Ergebnisse: 29 Patienten (Meningeom WHO I: n=23, andere Histologie: n=6) wurden in die Auswertung eingeschlossen. Die häufigsten Symptome bei Aufnahme in die Klinik waren Visusverlust und Exopthalmus. Der Baseline-CT-Scan konnte bei allen Patienten innerhalb von 15 Minuten durchgeführt werden. Die CT-Daten wurden für die Neuronavigation mit dem präoperativen MRT und (in 11 Fällen) zusätzlich mit einem DOTATATE-PET-CT fusioniert. Eine intraoperative CT-Resektionskontrolle wurde in 22 Fällen angefertigt. Die intraoperative Bildgebung änderte das operative Vorgehen in 50% der Fälle, da die iCT in situ nicht klar einsehbare residuale Tumoranteile (v. a. knöcherne Tumoranteile) nachwies oder zeigte, dass das präoperative OP-Ziel (z. B. knöcherne Dekompression des N. opticus) nicht erreicht war; in diesen Fällen wurde die Resektion weitergeführt.
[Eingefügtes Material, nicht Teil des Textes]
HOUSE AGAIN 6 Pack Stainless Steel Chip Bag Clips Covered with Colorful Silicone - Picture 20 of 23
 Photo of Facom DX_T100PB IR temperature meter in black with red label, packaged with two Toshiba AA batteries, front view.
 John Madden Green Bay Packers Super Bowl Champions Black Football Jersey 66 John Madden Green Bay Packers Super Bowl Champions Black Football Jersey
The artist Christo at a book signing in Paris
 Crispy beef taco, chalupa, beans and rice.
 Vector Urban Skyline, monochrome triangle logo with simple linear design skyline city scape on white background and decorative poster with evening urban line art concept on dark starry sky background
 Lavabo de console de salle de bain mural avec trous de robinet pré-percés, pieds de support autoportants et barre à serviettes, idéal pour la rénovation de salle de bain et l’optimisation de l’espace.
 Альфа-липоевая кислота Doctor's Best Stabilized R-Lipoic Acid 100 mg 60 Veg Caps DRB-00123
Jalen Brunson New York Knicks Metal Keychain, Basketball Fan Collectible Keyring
In den übrigen Patienten wurde die Operation wie geplant beendet, da die iCT die Einschätzung des Operateurs bezüglich des Tumor-Resektions-Status bestätigte.
Schlussfolgerung: Die intraoperative Computertomographie kann unkompliziert und mit geringem Zeitbedarf in den operative workflow bei der mikrochirurgischen Entfernung von Schädelbasis-Tumoren integriert werden. In der Hälfte der Fälle, in der eine intraoperative Resektionskontrolle durchgeführt wurde, führte diese zu einer Änderung der OP-Strategie; am häufigsten zeigte der zweite Scan residuelles Tumorgewebe, vor allem knöcherne Tumoranteile. Die iCT gestützte Neuronavigation und insbesondere die intraoperative CT-Resektionskontrolle können deswegen eine wertvolle Hilfe zur Verbesserung der Radikalität der Tumorresektion bei Tumoren der Schädelbasis mit Orbitabeteiligung sein.